Welcome back to the part 3 of my recap of Magento Imagine 2017! This time I’ll be covering the talks and presentations outside of the general sessions / keynotes.

First off though, if you missed either of the first 2 parts of the recap you check them out here:

Given the number of talks that took place at Imagine, for this article I’ll be covering talks from day 1 only.  I’ll do a further post to cover days 2 & 3 together and following that I’ll do a final post (or 2) on the community engagement events, such as MageTalk live, the diversity talk, the DevExchange and of course the parties, before ending with some final thoughts on the event.



One of the main attractions of going to any Magento conference is going to the talks and presentations provided by a wide range of clever people from the community and in some cases from Magento themselves.
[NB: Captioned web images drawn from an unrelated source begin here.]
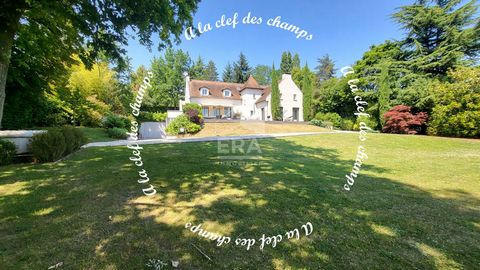 The agency A La Clef Des Champs offers you in Gif Sur Yvette, a magnificent property composed of a villa respectful of the architecture of the Chevreuse valley located in its park of about 4,000 m² still offering building rights. This beautiful famil...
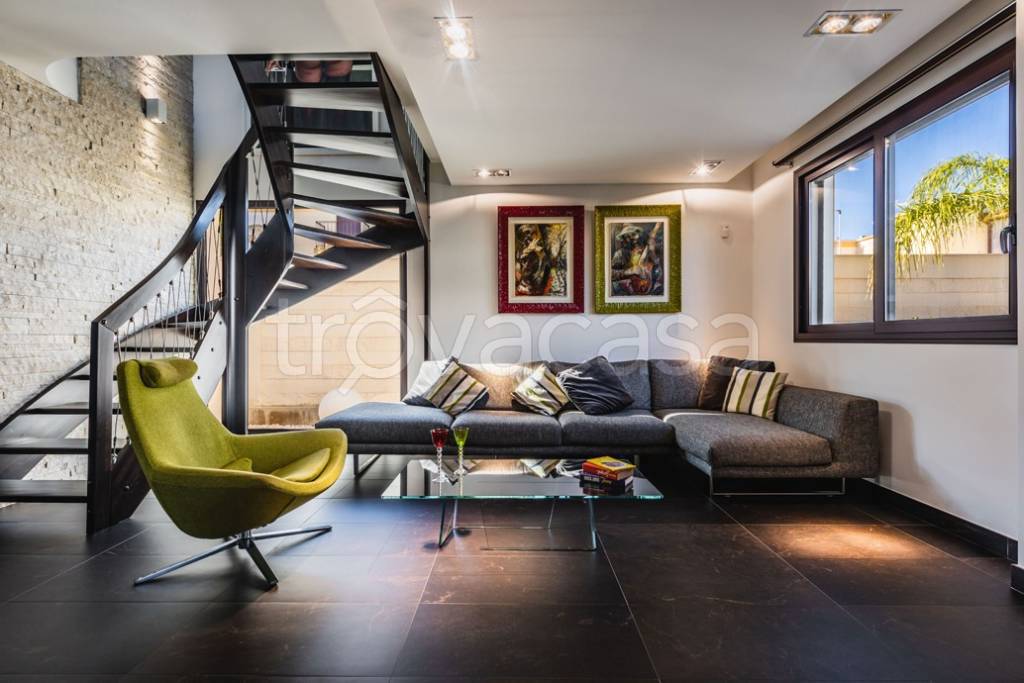 casa indipendente in vendita a Vittoria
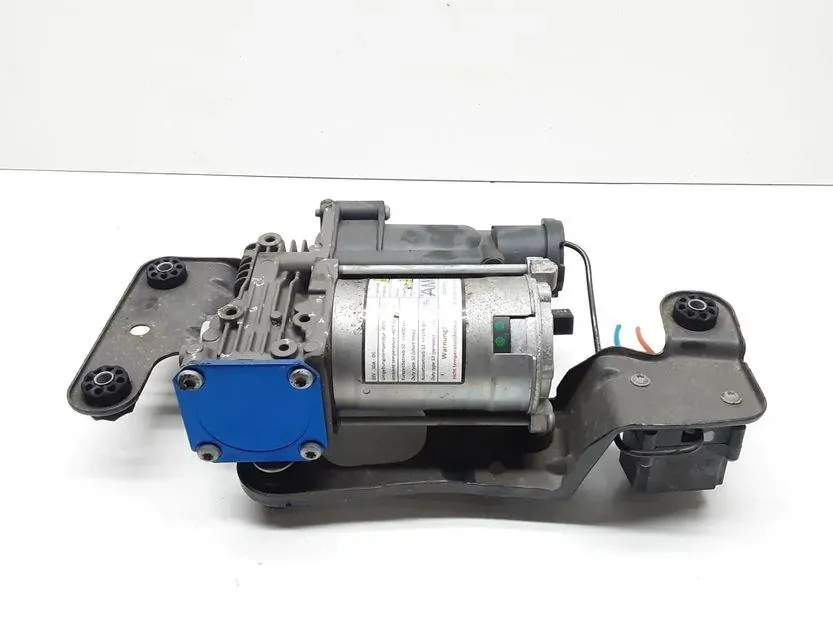 BMW X5 E70 (2006-2013) Suspension Compressor 6775479 33630907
Obviously I wasn’t able to attend all talks so I’ll only covering talks I was present at (or got the lowdown on from someone else) and given my background in development / tech the content covered will naturally be focused on these areas.


Omnichannel Solutions with Magento Commerce Order Management

The first talk I made it too was was the Magento Commerce Order Management (MCOM) talk by Mark Hatch, Director Product Delivery at Magento.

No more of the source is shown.